Heft 12

Jennifer Wladarsch

Wie individuelle Qualitätsurteile über Onlinenachrichten entstehen

Ergebnisse einer qualitativen Befragung

Wie kommen Wertungen über Medieninhalte zustande? Wie entstehen bei den Nutzern Ansprüche und Erwartungen? Bislang gibt es hierzu kaum empirische Befunde, zudem mangelt es an theoretischen Erklärungen der Urteilsgenese. Die vorliegende qualitative Studie liefert Erkenntnisse zu genuinen Nutzeransprüchen an die journalistische Qualität.
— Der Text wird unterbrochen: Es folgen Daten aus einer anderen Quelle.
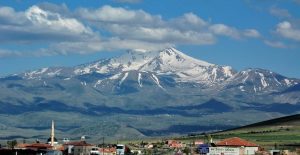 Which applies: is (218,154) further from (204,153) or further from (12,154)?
(12,154)

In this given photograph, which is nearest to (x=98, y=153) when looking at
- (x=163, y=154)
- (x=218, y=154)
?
(x=163, y=154)

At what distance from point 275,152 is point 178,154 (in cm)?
1992

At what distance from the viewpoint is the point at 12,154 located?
168875mm

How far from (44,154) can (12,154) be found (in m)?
10.7

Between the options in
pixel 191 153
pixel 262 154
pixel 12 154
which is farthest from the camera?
pixel 191 153

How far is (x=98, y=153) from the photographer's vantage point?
19988 cm

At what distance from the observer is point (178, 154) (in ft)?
611

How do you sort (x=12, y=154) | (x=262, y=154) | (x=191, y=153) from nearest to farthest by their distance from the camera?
1. (x=12, y=154)
2. (x=262, y=154)
3. (x=191, y=153)

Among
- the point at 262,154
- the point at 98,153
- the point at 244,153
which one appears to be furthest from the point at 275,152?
the point at 98,153

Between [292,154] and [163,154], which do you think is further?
[163,154]

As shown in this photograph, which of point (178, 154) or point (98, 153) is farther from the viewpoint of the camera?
point (98, 153)

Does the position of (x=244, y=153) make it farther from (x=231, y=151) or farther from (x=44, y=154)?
(x=44, y=154)

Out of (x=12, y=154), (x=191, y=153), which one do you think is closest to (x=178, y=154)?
(x=191, y=153)

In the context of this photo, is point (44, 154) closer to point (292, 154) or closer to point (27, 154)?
point (27, 154) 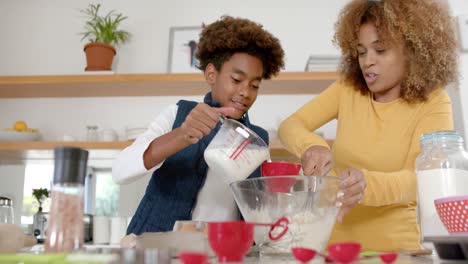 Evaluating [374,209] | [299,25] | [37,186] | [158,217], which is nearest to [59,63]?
[37,186]

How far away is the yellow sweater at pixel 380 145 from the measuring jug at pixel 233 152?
0.23 meters

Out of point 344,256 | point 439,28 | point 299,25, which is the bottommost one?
point 344,256

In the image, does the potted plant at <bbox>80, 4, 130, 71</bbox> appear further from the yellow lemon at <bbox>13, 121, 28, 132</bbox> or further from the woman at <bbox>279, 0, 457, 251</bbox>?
the woman at <bbox>279, 0, 457, 251</bbox>

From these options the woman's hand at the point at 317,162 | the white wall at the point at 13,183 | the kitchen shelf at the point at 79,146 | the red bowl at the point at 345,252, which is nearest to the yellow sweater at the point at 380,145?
the woman's hand at the point at 317,162

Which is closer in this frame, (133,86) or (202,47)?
(202,47)

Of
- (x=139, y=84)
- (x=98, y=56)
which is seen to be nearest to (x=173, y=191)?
(x=139, y=84)

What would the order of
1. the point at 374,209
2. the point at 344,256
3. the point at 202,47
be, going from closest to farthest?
the point at 344,256 < the point at 374,209 < the point at 202,47

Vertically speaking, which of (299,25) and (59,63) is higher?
(299,25)

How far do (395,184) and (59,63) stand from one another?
2.27 metres

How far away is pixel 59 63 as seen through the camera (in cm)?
277

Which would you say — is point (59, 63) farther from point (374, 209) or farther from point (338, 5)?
point (374, 209)

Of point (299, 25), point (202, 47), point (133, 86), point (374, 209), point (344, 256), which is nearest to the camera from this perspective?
point (344, 256)

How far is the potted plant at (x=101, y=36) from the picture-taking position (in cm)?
254

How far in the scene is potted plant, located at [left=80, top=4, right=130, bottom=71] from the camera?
2541 millimetres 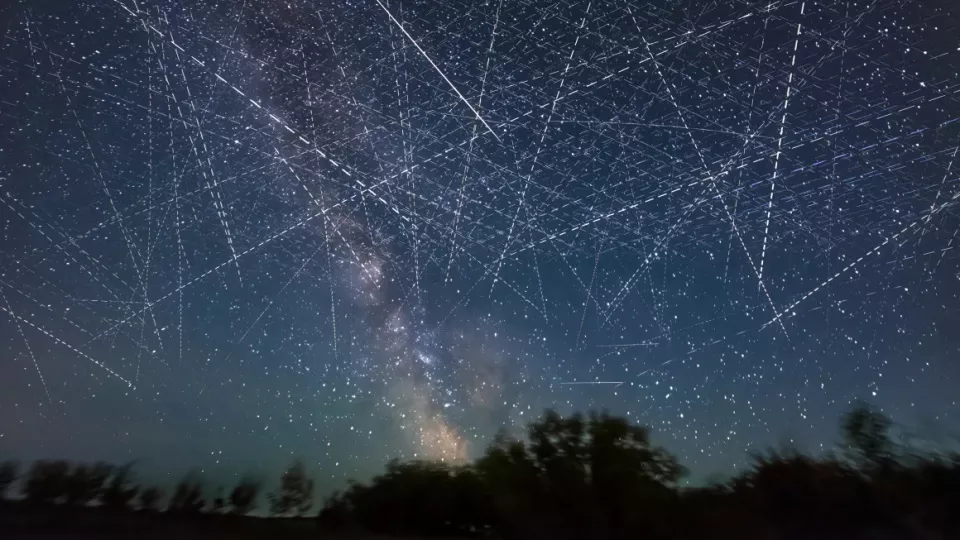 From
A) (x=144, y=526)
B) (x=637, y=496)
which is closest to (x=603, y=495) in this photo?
(x=637, y=496)

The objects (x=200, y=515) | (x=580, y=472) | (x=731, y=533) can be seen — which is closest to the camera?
(x=731, y=533)

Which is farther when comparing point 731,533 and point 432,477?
point 432,477

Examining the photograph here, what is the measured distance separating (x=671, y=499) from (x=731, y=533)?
131 cm

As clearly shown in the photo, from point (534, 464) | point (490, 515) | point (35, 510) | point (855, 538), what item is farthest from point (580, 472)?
Answer: point (35, 510)

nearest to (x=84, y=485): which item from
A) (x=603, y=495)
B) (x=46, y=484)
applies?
(x=46, y=484)

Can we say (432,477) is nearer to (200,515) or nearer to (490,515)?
Result: (490,515)

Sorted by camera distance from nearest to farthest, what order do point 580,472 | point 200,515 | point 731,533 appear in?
point 731,533
point 580,472
point 200,515

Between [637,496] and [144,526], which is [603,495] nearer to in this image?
[637,496]

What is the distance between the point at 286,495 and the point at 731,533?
31.8ft

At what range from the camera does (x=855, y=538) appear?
1512 cm

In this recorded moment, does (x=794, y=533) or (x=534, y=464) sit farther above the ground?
(x=534, y=464)

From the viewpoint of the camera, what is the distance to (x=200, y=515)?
17.2 metres

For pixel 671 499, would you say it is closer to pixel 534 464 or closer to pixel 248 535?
pixel 534 464

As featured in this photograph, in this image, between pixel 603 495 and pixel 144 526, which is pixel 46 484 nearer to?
pixel 144 526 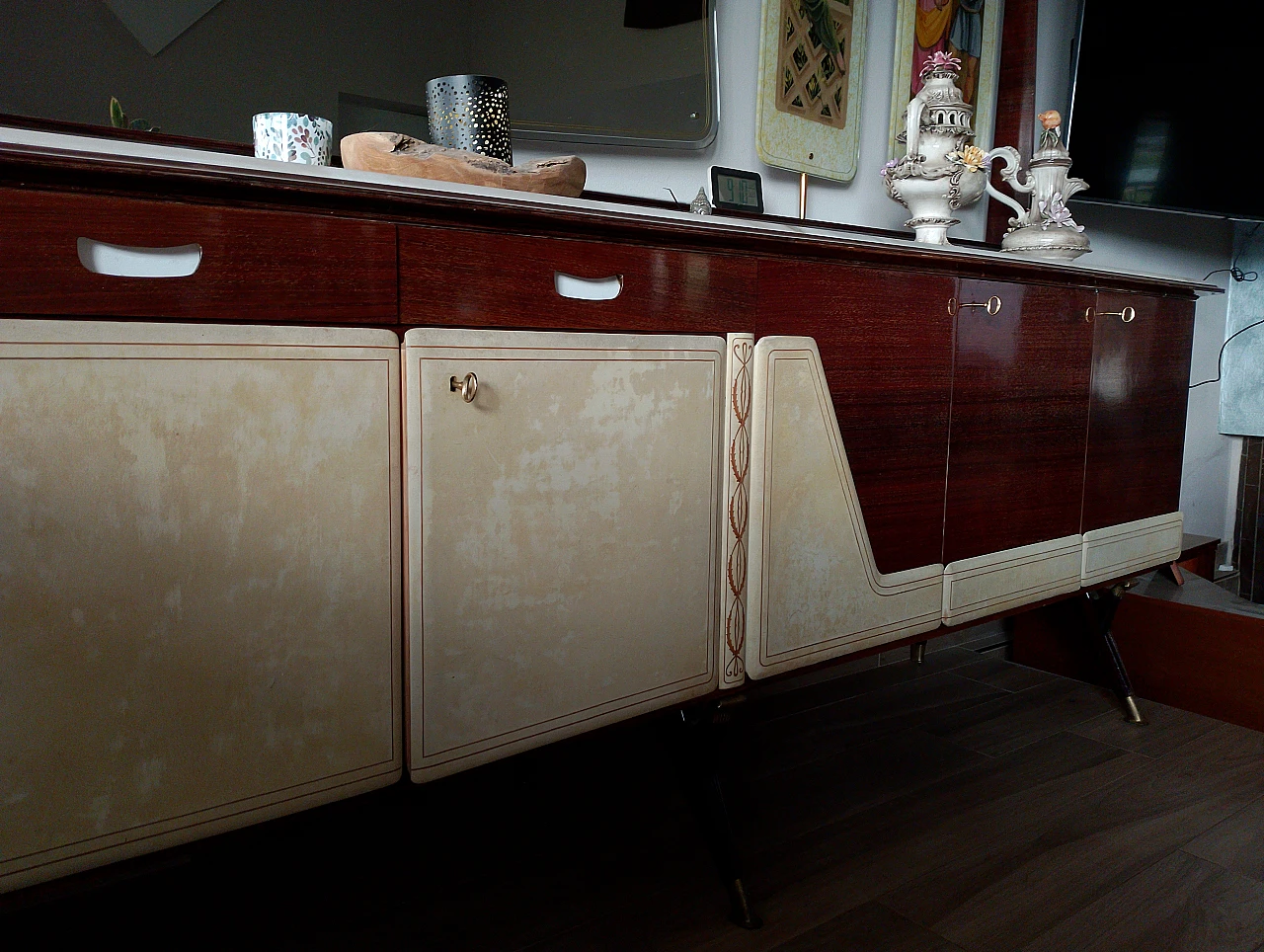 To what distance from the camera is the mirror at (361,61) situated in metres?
1.00

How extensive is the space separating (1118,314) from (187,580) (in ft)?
4.88

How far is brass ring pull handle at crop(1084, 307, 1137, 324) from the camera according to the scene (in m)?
1.55

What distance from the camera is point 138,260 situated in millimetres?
706

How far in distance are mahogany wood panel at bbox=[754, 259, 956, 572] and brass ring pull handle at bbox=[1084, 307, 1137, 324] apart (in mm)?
381

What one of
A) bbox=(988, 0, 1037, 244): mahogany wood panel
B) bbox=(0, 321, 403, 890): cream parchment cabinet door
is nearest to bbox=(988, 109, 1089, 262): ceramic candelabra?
bbox=(988, 0, 1037, 244): mahogany wood panel

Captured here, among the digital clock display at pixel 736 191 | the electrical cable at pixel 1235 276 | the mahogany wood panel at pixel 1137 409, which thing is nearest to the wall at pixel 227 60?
the digital clock display at pixel 736 191

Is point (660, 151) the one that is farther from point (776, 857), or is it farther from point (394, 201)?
point (776, 857)

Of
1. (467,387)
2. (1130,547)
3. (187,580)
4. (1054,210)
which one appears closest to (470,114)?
(467,387)

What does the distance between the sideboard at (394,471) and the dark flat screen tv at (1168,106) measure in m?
1.20

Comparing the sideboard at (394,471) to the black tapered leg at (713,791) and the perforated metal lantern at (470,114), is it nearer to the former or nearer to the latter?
the black tapered leg at (713,791)

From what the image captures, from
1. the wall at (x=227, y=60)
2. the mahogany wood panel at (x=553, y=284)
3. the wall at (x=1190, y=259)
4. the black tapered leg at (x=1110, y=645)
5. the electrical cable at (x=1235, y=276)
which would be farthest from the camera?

In Leitfadeninterviews zeigte sich, dass es Nutzern schwerfällt, allgemeine Ansprüche an den professionellen Journalismus zu formulieren. Daher greifen Nutzer insbesondere auf ihnen bekannte, jedoch wenig reflektierte gesellschaftliche Qualitätsmaßstäbe zurück. Außerdem variieren die Qualitätsansprüche je nach Nutzungssituation (z.B. mobile Nutzung, Freizeit/Arbeit) teilweise deutlich.

Im Einklang mit bisherigen Forschungsergebnissen stehen die Befunde zur gewichtigen Signalwirkung von Medienmarken: Markenbezeichnungen bestimmen entscheidend darüber, welche Qualitätserwartungen Nutzer in der präkommunikativen Phase haben und führen zu insgesamt weniger reflektierten Qualitätsbewertungen. Eine ähnliche Funktion übernehmen Empfehlungen von Freunden sowie bekannten Personen (z.B. politischen Bloggern), sofern diesen eine hohe Themen- oder Medienkompetenz zugesprochen wird.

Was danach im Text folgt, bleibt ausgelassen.